Agite el tubo y centrifugue durante 10 segundos. Luego incube el tubo a 94 grados centígrados durante 30 minutos. En un termociclador, coloque el tubo en hielo después de la incubación.

A continuación, se evalúa el ARNC fragmentado y no fragmentado de cada muestra mediante electroforesis utilizando un gel AROS prefabricado al 1,2%. Cuando se completa la ejecución, el gel se visualiza en un transluminador y se adquiere una imagen. El producto final de la síntesis se hibrida con los chips genéticos de levadura átrica y aquí se muestran los resultados representativos del análisis de microarrays.

Esta primera figura es un ejemplo de una imagen escaneada de un chip genético de levadura atrics generada por el software operativo del chip genético atrics. Se trata de un diagrama de dispersión en 2D de todas las transcripciones genéticas, unos 6.700 genes que comparan los datos de control y los de levadura tratada. Cada punto representa un solo gen.

Los genes coloreados en púrpura indican genes que se expresan diferencialmente, mientras que los genes coloreados en rojo no lo están. En este ejemplo, la mayoría de los genes expresados diferencialmente son los implicados en el control del ciclo celular, como indican sus descripciones. Este diagrama de flujo de la base de datos para la visualización de anotaciones y el descubrimiento integrado ilustra los genes expresados diferencialmente en una vía biológica afectada.

Los genes indicados con una estrella roja indican los genes regulados a la baja en la vía miótica. Finalmente, se muestran los resultados representativos de un diagrama volcánico generado utilizando el software de tamiz genético de especies geográficas. Las muestras control y tratadas se compararon con un valor de corte P de 0,05 y un punto de corte de cambio de expresión de 1,5 veces.

Elegimos usar levadura porque la levadura es fácil de cultivar rápidamente, pero también nos dimos cuenta de que la parte más crítica de trabajar con levadura es en realidad crear un recubrimiento de esfero decente. Una de las cosas que no queremos hacer en los microarrays es hacer una digestión incompleta y, en realidad, solo células de esferón que estén en una fase G uno o G dos M. Y luego estás haciendo un experimento de microarrays en levaduras que están en una determinada fase de replicación.

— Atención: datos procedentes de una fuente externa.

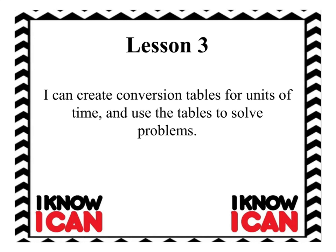Okay, fourth graders, continuing on in our measurement unit on lesson three. I can create conversion tables for units of time and use the tables to solve problems. We're going to start adding more to our table collection, and this time it's on time.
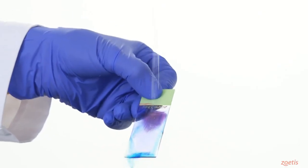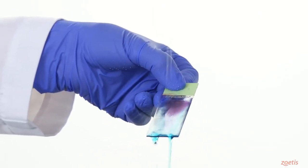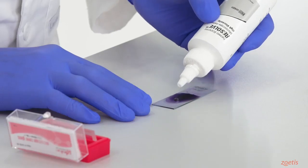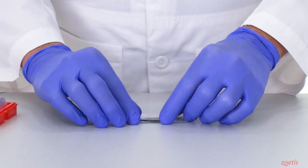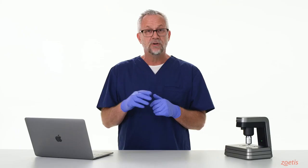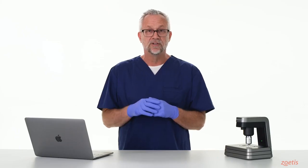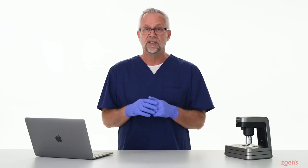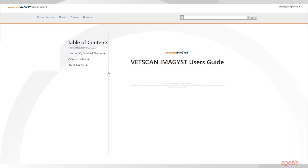Once the slide is prepped and stained, add a cover slip. Refer to our how-to videos on preparing a blood smear slide in the user's guide.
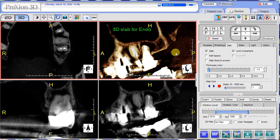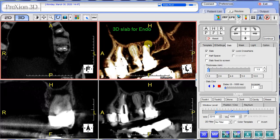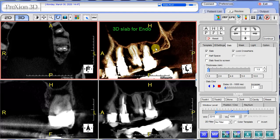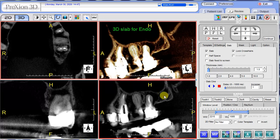Here at the upper left we switch to the sagittal view and perform an evaluation by slicing for radiolucency in the apical region, as well as the sinus floor. You can see the comparison between the two views.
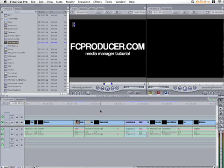Right now what I'm going to show you is how to transfer a sequence in a project to a hard drive, and essentially I'm going to make that sequence a project. So what I'm going to do here...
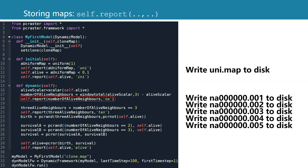So to summarize, if we want to store maps, it's a bit different than in map algebra. In the dynamic modeling framework, if we use self.report in the initial method, it knows that it has to add dot map. So we only write the part before the dot. In the dynamic method it is the same. It knows what to write after the first characters. So we only write the alphabetic characters and it will add the zeros and the 001 for the first time step. And when it enters the next one, it will write 002, etc.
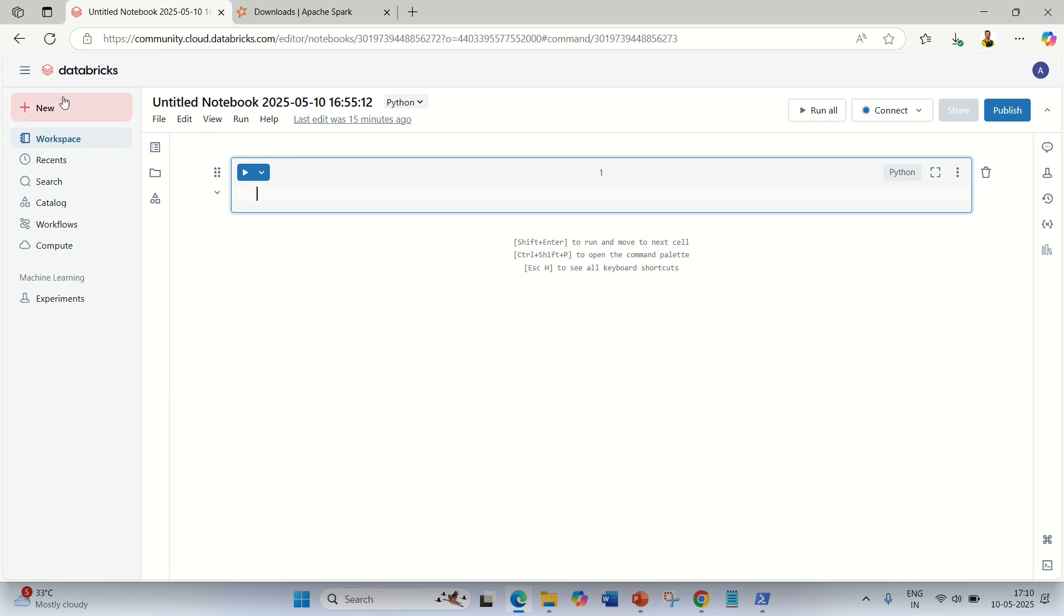You can run your notebooks and write your code over there. I hope you must have understood the installation process of PySpark. Thanks for watching guys. See you next video.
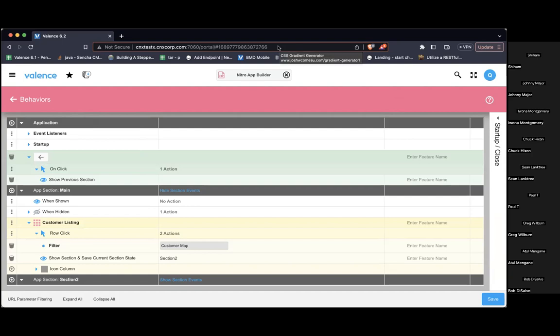These new features make things so much easier when you have an app that's many more sections than just two. You're seeing the benefit when you can jump from one section to three, three to five, two to four — when you can skip things and it's not just a natural flow of one to two to three and back. That's when it really makes sense.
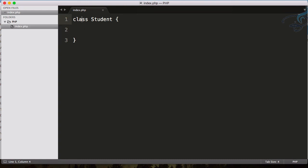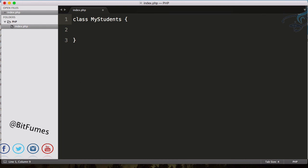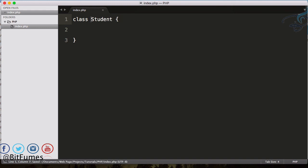But suppose if you want a class name to be like 'my students', you can't do like this—you don't have to use space. So what you can do, you can camel case everything. So you have M capital and then S capital. So these are some rules to create the class name and create the class.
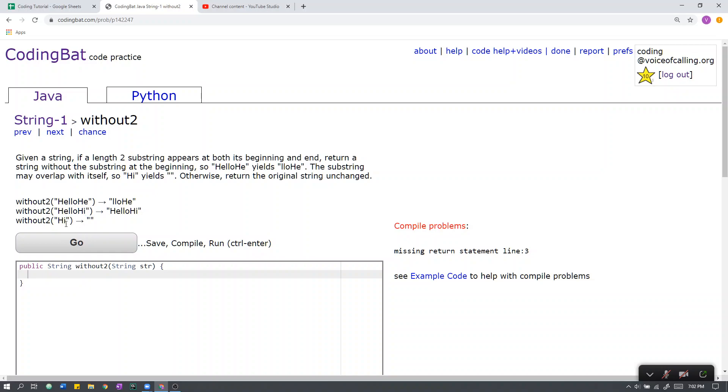Next, we have H-I. The length 2 substring in the beginning is H-I. The length 2 substring in the end is also H-I. Therefore, they are both equal and we return null.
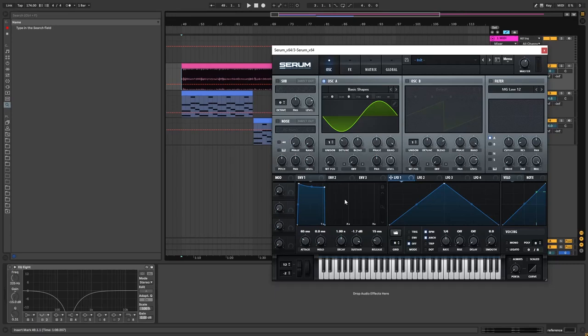Hi, this is Paulo from the NBAcademy and in this video I'm going to be showing you how to create pads like the ones in the track Games by Monty.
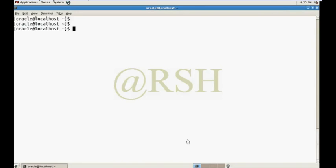Hello YouTube, how are you? Today in this tutorial I am going to show you what is the subpartition using range and list partition, and I am going to explain how to create a range-list subpartition.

Otro punto complicado que tratamos de recalcar en este ejercicio es que la peletización de CD NA se habla todos los días, pero no es necesariamente fácil. Y lo que hemos hecho en nuestro módulo es que hemos utilizado tubos especializados y reactivos de visualización. Por lo tanto, podemos reducir el ADN y se puede visualizar la apelación, lo que facilita las cosas tanto para los estudiantes como para los profesores.

Por lo tanto, se puede utilizar en todas las fases del trabajo de ADN y ARN después de su desarrollo. Este módulo realmente ha allanado el camino para que los profesores de los institutos de Bachillerato exploren, posiblemente observando otros organismos modelo u otros regímenes de tratamiento que puedan ser compatibles con los planes de estudio existentes o posiblemente con sus propios intereses de investigación. Y para dar un ejemplo de algunas de las modificaciones que se hicieron, había un sitio que había analizado los efectos del tratamiento con herbicidas en la levadura u otro que analizaba el tratamiento con LAMP IDE en levadura, mientras que otro sitio analizaba los cambios en el desarrollo de una línea celular de mamíferos en los que estaban particularmente interesados.

Y, por último, otro sitio había analizado el impacto de las fuentes de luz diferenciales en la arabidopsis o las plantas. Después de ver este video, debería tener una buena comprensión de cómo configurar un experimento de microrrayos con estudiantes de ciencias de pregrado, incluido el aislamiento del ARN total de la levadura, la generación de CDNA y la fragmentación de la biotina marcada con CRNA. Las experiencias prácticas con tecnologías de tan alto nivel ayudan a reforzar y fortalecer la educación científica de pregrado.